St. Louis, one of the major league's top-fielding teams, looked more like the Bad News Bears than slick glovesmen as they started their second Series in three seasons.
Second baseman Pete Kozma dropped a throw for an error that set up Napoli's big hit, pitcher Adam Wainwright and catcher Yadier Molina allowed a popup 40 feet from home plate to fall between them for a single and Kozma let a bouncer roll out of his glove for a second error.
Dustin Pedroia's RBI single made it 4-0 in the second, and Ortiz wound up with a sacrifice fly on Beltran's web gem.
Jon Lester, who earned the win that finished Boston's four-game sweep of Colorado in 2007, limited the Cardinals to five hits through six innings with six strikeouts and a walk.
Cardinals starter Adam Wainwright gave up five runs — three earned — and six hits in five innings.
As the World Series returned to 101-year-old Fenway Park, the oldest stadium in the major leagues, the Red Sox were looking to extend their Series winning streak to nine — quite a reverse for a supposedly cursed franchise that didn't win a title from 1918 until sweeping the Cardinals in 2004. And quite a quick turnaround for the Red Sox, whose 69-93 record last year was their worst since 1965.
Boston and St. Louis went 97-65 — creating the first Series between teams with the best records in their leagues since 1999 and the first between teams with identical records since 1958. This has turned into a traditional Series matchup, with the Cardinals winning in 1946 and 1967 before Boston's big win nearly a decade ago.
The Green Monster, the iconic 37-foot wall in left field, had a large "B Strong" sign, a memory of the April bombings at the Boston Marathon, where three people were killed and more than 260 wounded in the attacks.
Wainwright, who had the third-fewest walks per nine innings in the major leagues this season, opened the game by walking Jacoby Ellsbury, and Pedroia singled to center with one out. The game turned on Boston's fourth batter.
Ortiz hit a slow bouncer to second baseman Matt Carpenter that had an outside chance of being turned into an inning-ending double play.
Carpenter made a backhand flip to Kozma, who while returning to cover the base allowed the ball to bounce off the edge of his glove's webbing and fall to the ground.
Second base umpire Dana DeMuth called Pedroia out on a force, indicating the ball was dropped by Kozma while he was making the transfer to his throwing hand. Red Sox manager John Farrell came out to argue.
All six umpires huddled near shortstop to discuss the play, and crew chief John Hirschbeck walked toward the Cardinals dugout and told manager Mike Matheny that Pedroia was being called safe. Matheny then argued to no avail.

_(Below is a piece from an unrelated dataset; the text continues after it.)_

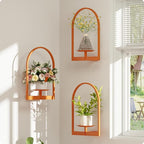 Orange Metal Wall Plant Holder - 3-Pack Wall Mounted Plant Stands and Hanging Holders for Indoor Planter and Flower Pot - Arch Decor Shelf for Plant Storage (Pot Not Included)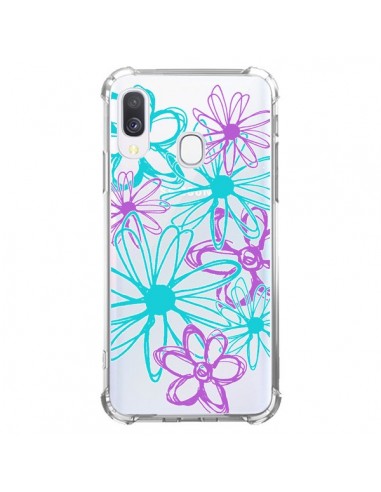 Coque Samsung Galaxy A40 Turquoise and Purple Flowers Fleurs Violettes Transparente - Sylvia Cook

Three pitches later, Napoli lined a cutter up the gap in left-center for a bases-clearing double.
Under rules changes contemplated for next season, calls such as this would be subject to video review.
It got worse for the Cardinals in the second. Stephen Drew led off with a routine popup, and Wainwright and Molina stared at each other as the ball fell between the Gold Glove winners for a single.
No. 9 hitter David Ross followed with a single to center and, one out later, Shane Victorino hit a chopper into the shortstop hole that rolled out of the glove of Kozma — who would have had only an outside chance of getting a force at third with David Freese off the bag.
Pedroia then bounced a single under the glove of a diving Freese at third and into left field to make it 4-0. Ortiz, whose grand slam last weekend boosted Boston over Detroit in the AL championship finale, then hit a drive to deep right. Beltran raced back to the 5-foot, 4.44-inch fence, braced himself with his arm hand and got his glove about 2 feet above the fence to snare Ortiz's drive.
NOTES: Allen Craig, playing his first game since Sept. 4 after recovering from a sprained ankle, hit cleanup as the Cardinals' designated hitter and popped out in the first. ... The World Series had an official scorer from a Japanese media organization for the first time, with Gaku Tashiro of Sankei Sports joined by Mike Shalin of The Sports Exchange and Rick Hummel of the St. Louis Post-Dispatch. Tashiro became the first member of Japanese media to join the Baseball Writers' Association of America in 2001.